Optimized CEST cardiovascular magnetic resonance for assessment of metabolic activity in the heart

Abstract

Background: Previous studies have linked cardiac dysfunction to loss of metabolites in the creatine kinase system. Chemical exchange saturation transfer (CEST) is a promising metabolic cardiovascular magnetic resonance (CMR) imaging technique and has been applied in the heart for creatine mapping. However, current limitations include: (a) long scan time, (b) residual cardiac and respiratory motion, and (c) B0 field variations induced by respiratory motion. An improved CEST CMR technique was developed to address these problems.
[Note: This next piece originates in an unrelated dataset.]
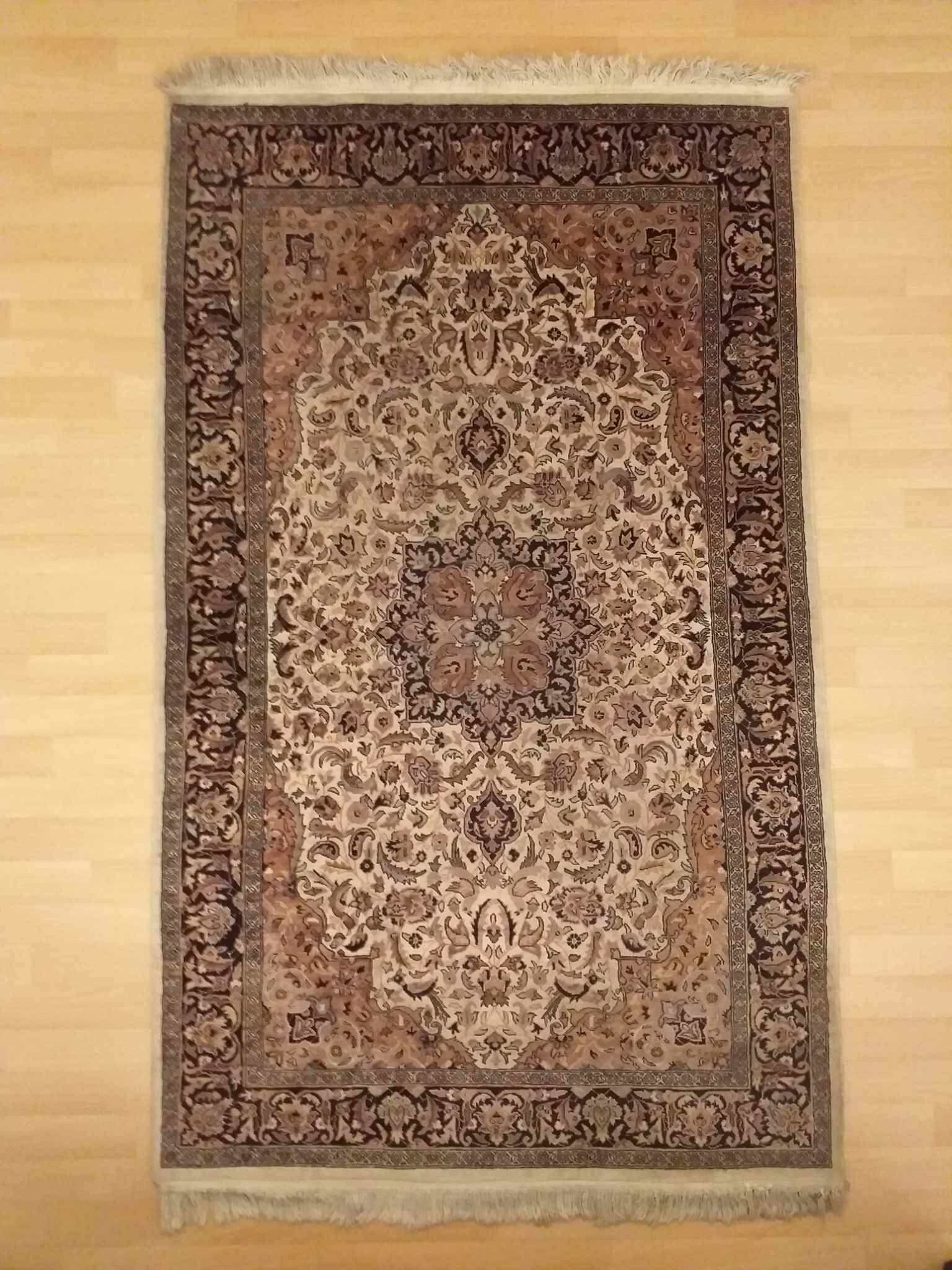 Handmade Indo Tabriz rug 210x127cm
Methods: Animals with chronic myocardial infarction (N = 15) were scanned using the proposed CEST CMR technique and a late gadolinium enhancement (LGE) sequence as reference. The major improvements of the CEST CMR technique are: (a) Images were acquired by single-shot FLASH, significantly increasing the scan efficiency. (b) All images were registered to reduce the residual motion. (c) The acquired Z-spectrum was analyzed using 3-pool-model Lorentzian-line fitting to generate CEST signal, reducing the impact of B0 field shifting due to respiratory motion. Feasibility of the technique was tested in a porcine model with chronic myocardial infarction. CEST signal was measured in the scar, border zone and remote myocardium. Initial studies were performed in one patient. Results: In all animals, healthy remote myocardial CEST signal was elevated (0.16 ± 0.02) compared to infarct CEST signal (0.09 ± 0.02, P < 0.001) and the border zone (0.12 ± 0.02, P < 0.001). For both animal and patient studies, the hypointense regions in the CEST contrast maps closely match the bright areas in the LGE images. Conclusions: The proposed CEST CMR technique was developed to address long scan times, respiratory and cardiac motion, and B0 field variations. Lower CEST signal in bright region of the LGE image is consistent with the fact that myocardial infarction has reduced metabolic activity.